The Working for Workers Act, 2023 receives Royal Assent
Those who take advantage of vulnerable workers could face millions in fines.
The Working for Workers Act, 2023 recently received Royal Assent, which means that Ontario now has the highest maximum corporate fine under workplace health and safety legislation in Canada.
In March 2023, the Ontario government announced a new legislation that amended the Occupational Health and Safety Act (OSHA) to increase the maximum fine for corporations convicted of an offence under the OHSA from $1.5 million to $2 million.
“Anyone who preys on vulnerable members in our community has no place in our society,” said Monte McNaughton, Minister of Labour, Immigration, Training and Skills Development back in March. “If you think you’re going to deny someone’s basic human rights by withholding their passport, we’re going to hit your pocketbook, and you will be behind bars for a long time. We will continue to use every tool in our toolbox to ensure Ontario is a province where hard work pays off and big dreams come true.”
There have been several revisions to Ontario employment legislation now that the act has received Royal Assent to keep in mind.
Most notably, increased fines are now the highest in Canada. These changes, which came into effect on October 26, 2023, include a maximum fine $1,500,000 to $2,000,000 for a violation of the Occupational Health and Safety Act (OHSA). The maximum penalties under the Employment Protection for Foreign Nationals Act, 2009 have also been increased for employers who are convicted of withholding a work permit or worker passport.

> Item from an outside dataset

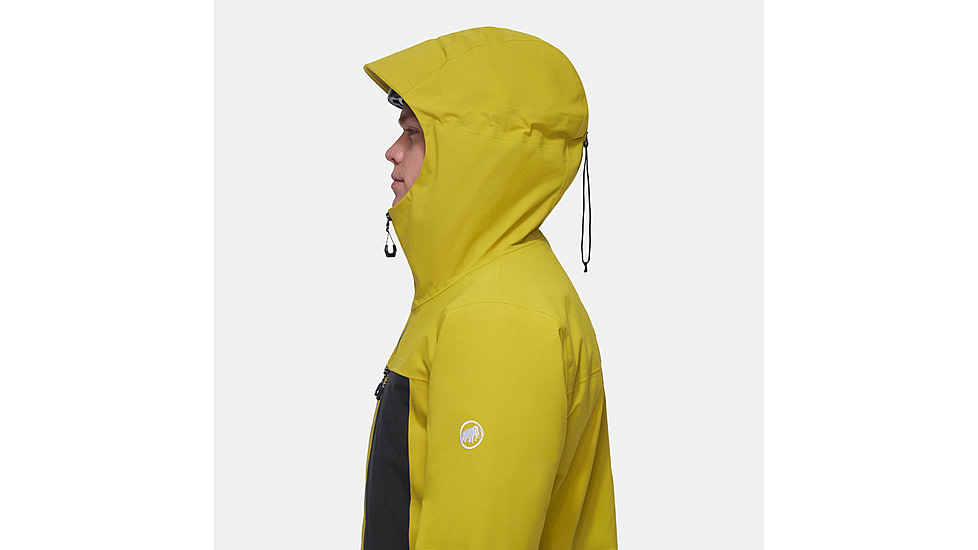 Mammut Stoney HS Thermo Hooded Jacket - Mens, Aura/Black, Medium, 1010-31060-40288-114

Employees will now have the eligibility for enhanced notices for mass termination that those who work in offices are entitled to under Ontario’s Employment Standards Act (ESA). There has also been an ammendment to the definition of “establishment” which now includes employees’ homes as opposed to only locations where employers carry out business.
In terms of new hires, the Lieutenant Governor in Council is now able to make regulations under the ESA which requires employers to provide employees details about their positions in a written format. For recruiters, licensing requirements in terms of compliance with the Employment Protection for Foreign Nationals Act, 2009, have also become more strict and includes refusals to either issue or renew them in cases where the applicant has failed to comply with this act.